Liam O Muirthile, poet, playwright and columnist with this newspaper, has won this year's Clo Iar-Chonnachta Literary Award, which is run in conjunction with Udaras na Gaeltachta.

O Muirthile has received the £3,000 accolade for his collection of poetry, Walking Time agus Danta Eile. The runner-up in the competition was Celia de Freine, a poet, playwright and former scriptwriter for the TG4 soap, Ros na Run. She received second prize of £2,000 for her collection of poetry, entitled Faoi Chabaisti is Rionacha.

Liam O Muirthile's play, Liodan na hAbhann, has been showing at Amharclann de hIde, to much critical acclaim, and another production with his name to it, Fear an Tae, was staged in Spiddal this month by Aisteoiri an Spideil.

His portfolio of published works already includes two poetry collections, Tine Chnamh, published by Sairseal O Marcaigh, and Dialann Bothair, published by Gallery Press. He has also written a novel, Ar Bhruach na Laoi, published by Comhar. An Peann Coitianta 1 agus 2 comprises two collections of his columns for The Irish Times.

The title poem for his award-winning work, Walking Time, describes the relationship between a father and son. It draws on the time craftsmen used to spend walking to their place of work, either from the bus or from home, and for which they were paid. The collection also includes a series of poems about carpentry, being both a tribute to the skill and a metaphor for the craft of poetry. Some of the lyrics in the collection are in the style of the early Irish lyric.

Celia de Freine's collection is a selection of her work over seven years, and its themes include inequality, war and emigration - discussed in a "light, surreal style", according to the citation. Serious subjects are reflected in a "refreshing, humorous" manner, and the poetry is bolstered by the author's refusal to "accept anti-climax".

De Freine has won awards before, including the Patrick Kavanagh Award in 1994, the Dun Laoghaire Poetry Competition in 1996, and the British Comparative Literature Translation Award at the University of East Anglia. She was given a bursary by the Arts Council in 1997 to help her complete this work, which is her first poetry collection. Formerly scriptwriter for the popular Ros na Run, her first episode was nominated for the Celtic Film and Television Festival in 1998.

The two winners were drawn from a shortlist of five, which included Jackie Mac Donncha, Rody Gorman and Siobhan Ni Shuilleabh ain. The closing date for next year's competition has already passed, with £5,000 earmarked for a writer deemed to have achieved a high standard in publishing a novel.

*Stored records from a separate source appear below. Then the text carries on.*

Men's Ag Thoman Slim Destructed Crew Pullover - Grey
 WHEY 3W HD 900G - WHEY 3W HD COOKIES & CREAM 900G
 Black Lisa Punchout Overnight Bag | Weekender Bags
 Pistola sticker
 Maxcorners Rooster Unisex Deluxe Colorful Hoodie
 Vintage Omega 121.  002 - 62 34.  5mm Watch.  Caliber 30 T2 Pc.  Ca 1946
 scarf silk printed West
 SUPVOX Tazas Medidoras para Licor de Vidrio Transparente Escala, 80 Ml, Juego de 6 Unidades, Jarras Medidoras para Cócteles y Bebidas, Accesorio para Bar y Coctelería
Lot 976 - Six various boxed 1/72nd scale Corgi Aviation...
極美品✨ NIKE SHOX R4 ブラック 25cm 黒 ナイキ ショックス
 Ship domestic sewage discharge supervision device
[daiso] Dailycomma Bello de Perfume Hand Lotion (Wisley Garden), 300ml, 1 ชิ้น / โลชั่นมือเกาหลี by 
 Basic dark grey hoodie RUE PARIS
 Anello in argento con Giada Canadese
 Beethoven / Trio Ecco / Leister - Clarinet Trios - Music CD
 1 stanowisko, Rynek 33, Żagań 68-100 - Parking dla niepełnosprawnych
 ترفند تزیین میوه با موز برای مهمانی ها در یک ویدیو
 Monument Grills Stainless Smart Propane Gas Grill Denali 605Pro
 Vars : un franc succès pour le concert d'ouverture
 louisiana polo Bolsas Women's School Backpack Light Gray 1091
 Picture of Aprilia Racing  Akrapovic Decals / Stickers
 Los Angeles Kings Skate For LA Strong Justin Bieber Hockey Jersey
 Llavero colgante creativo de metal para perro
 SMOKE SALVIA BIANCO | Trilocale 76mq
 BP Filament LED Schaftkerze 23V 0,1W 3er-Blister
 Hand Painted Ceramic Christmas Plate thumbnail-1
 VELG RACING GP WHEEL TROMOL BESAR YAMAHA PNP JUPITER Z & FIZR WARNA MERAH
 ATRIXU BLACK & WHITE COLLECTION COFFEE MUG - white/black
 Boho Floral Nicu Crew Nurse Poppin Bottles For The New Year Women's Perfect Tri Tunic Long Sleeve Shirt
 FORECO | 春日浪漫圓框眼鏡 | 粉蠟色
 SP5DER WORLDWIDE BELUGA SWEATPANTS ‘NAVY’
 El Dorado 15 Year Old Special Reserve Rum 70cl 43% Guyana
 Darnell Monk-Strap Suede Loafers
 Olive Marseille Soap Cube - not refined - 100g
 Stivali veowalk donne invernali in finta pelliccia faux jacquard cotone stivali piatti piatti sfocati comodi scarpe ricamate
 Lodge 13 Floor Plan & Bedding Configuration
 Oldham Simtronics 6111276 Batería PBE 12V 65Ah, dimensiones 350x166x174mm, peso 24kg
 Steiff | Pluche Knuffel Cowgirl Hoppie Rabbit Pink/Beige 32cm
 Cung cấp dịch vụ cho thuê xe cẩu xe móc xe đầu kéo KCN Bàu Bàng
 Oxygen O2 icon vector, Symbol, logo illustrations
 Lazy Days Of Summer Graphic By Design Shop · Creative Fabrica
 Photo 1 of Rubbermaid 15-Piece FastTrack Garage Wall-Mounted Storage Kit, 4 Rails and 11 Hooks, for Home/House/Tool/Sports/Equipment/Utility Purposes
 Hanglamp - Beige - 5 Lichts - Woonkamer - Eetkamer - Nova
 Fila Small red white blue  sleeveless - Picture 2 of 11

In 2001, the award will be for a collection of short stories or a long play, and the closing date for that is December 17th, 2000.

Recipients of the award to date have been Padraig O Siadhail in 1996, for his novel, Peaca an tSinsir; Pol Breathnach in 1997 for his collection of poems, Do Lorg: Danta agus Aortha and last year, Joe Steve O Neachtain, for his short story collection, Clochmhoin.